Pitcairn Island in the South Pacific will host one of the most sensational trials in British legal history this week, with seven men facing nearly 100 charges of rape and child sex abuse dating back to the 1960s.

The seven, all residents of the remote British dependency, were given a final opportunity last week to plead guilty and reduce their chances of long jail sentences. At a pre-trial hearing on Thursday, they were offered the option of "restorative justice", a process that would bring them face to face with victims and require them to make reparations.

The trial, which begins on Wednesday, has devastated a tiny community that traces its roots back to the Bounty mutiny of 1789, when it was settled by Fletcher Christian and other mutineers.

The seven represent half of the adult male population of Pitcairn, which is home to just 47 people. Virtually everyone in the claustrophobically close-knit society is related to one or more of the defendants and/or the alleged victims.

Some of the women still live on the island with their alleged assailants who have been free on bail since they were charged 18 months ago. The latter helped to build the prison in which they could eventually be incarcerated, and still take part in the communal work - such as manning the longboats - that is essential to Pitcairn daily life. A second batch of six men, who now live in Australia and New Zealand, will go on trial next year, charged with similar offences.

The case is a logistical nightmare for the British Government, which rules Pitcairn through its High Commissioner in Wellington, Richard Fell. Located in a far-flung corner of the South Pacific, the dependent territory is accessible only by boat, requiring a two-day voyage from Mangareva, a French Polynesian island 250 miles away. The authorities have had to ship in an entire court, comprising judges, lawyers, police and court officials, together with all their documents and supplies. Nine of the 12 alleged victims will give evidence via a video-link from Auckland, the New Zealand city where many now live. In Adamstown, Pitcairn's only settlement, the courthouse - a village hall rarely used for its original purpose - has been spruced up, while the schoolhouse will be used as a second court.

The investigation into allegations of systematic sexual abuse of young girls on the island began after a Kent constable, Gail Cox, was sent to conduct training in community policing. Two girls made complaints to her against older men, prompting an inquiry that lasted two years and spanned three continents.
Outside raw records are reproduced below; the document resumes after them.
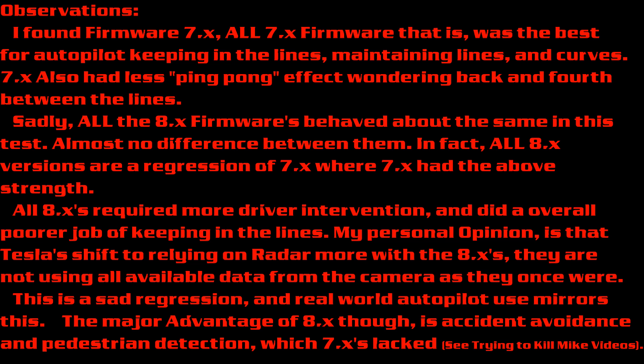A final note: firmware 7X did in fact take longer to get a line lock, but did a better job keeping the line lock. Whereas 8X would find a line and lock on quicker, however, it would more easily lose those same lines.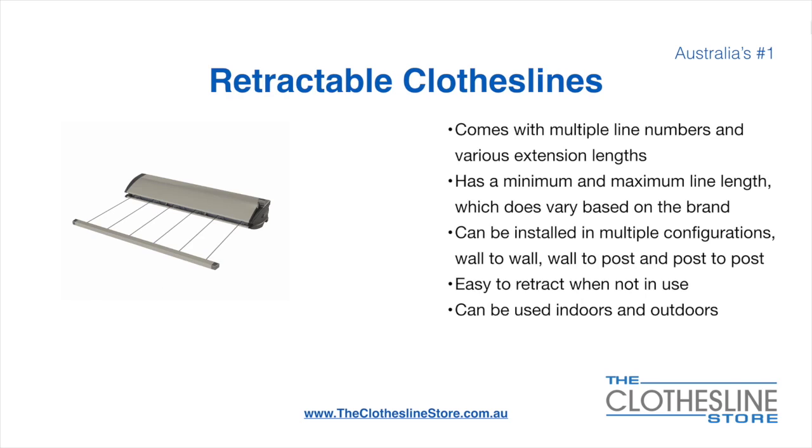Retractable clotheslines come in a multitude of line numbers and various extension lengths. They have a minimum and a maximum line length which does vary based on the brand. There's a lot more information on this at the Clothesline Store. They can be installed in a multitude of configurations which include wall-to-wall, wall-to-post and post-to-post. They are very easy to retract when not in use and can be used indoors and outdoors.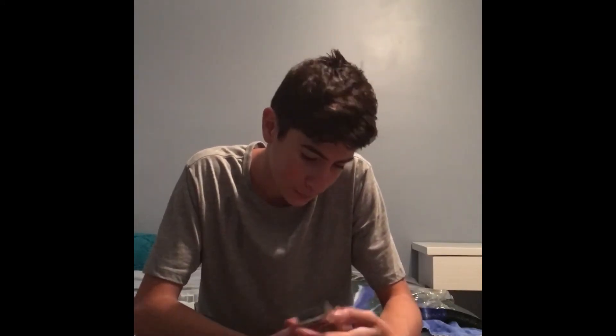I got the Lunkerhunt brand crankbait — it floats, nice red and black colors. I really liked it. I'll probably throw that tomorrow and see how it works.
The offer of restorative justice, a system pioneered by New Zealand, has been on the table since the men were charged. But they have shown no inclination to accept it, instead concentrating their energies on mounting challenges to Britain's sovereignty. The unique circumstances of the trial have thrown up exceptional challenges and forced conventional proprieties to be abandoned. The court's entire personnel flew to Tahiti together and on to Mangareva, where the judges, prosecution lawyers and defence team boarded a small boat to Pitcairn. A second boatload, carrying diplomats and police witnesses, will arrive today. Accommodation is so limited that the defence lawyers will sleep in the prison.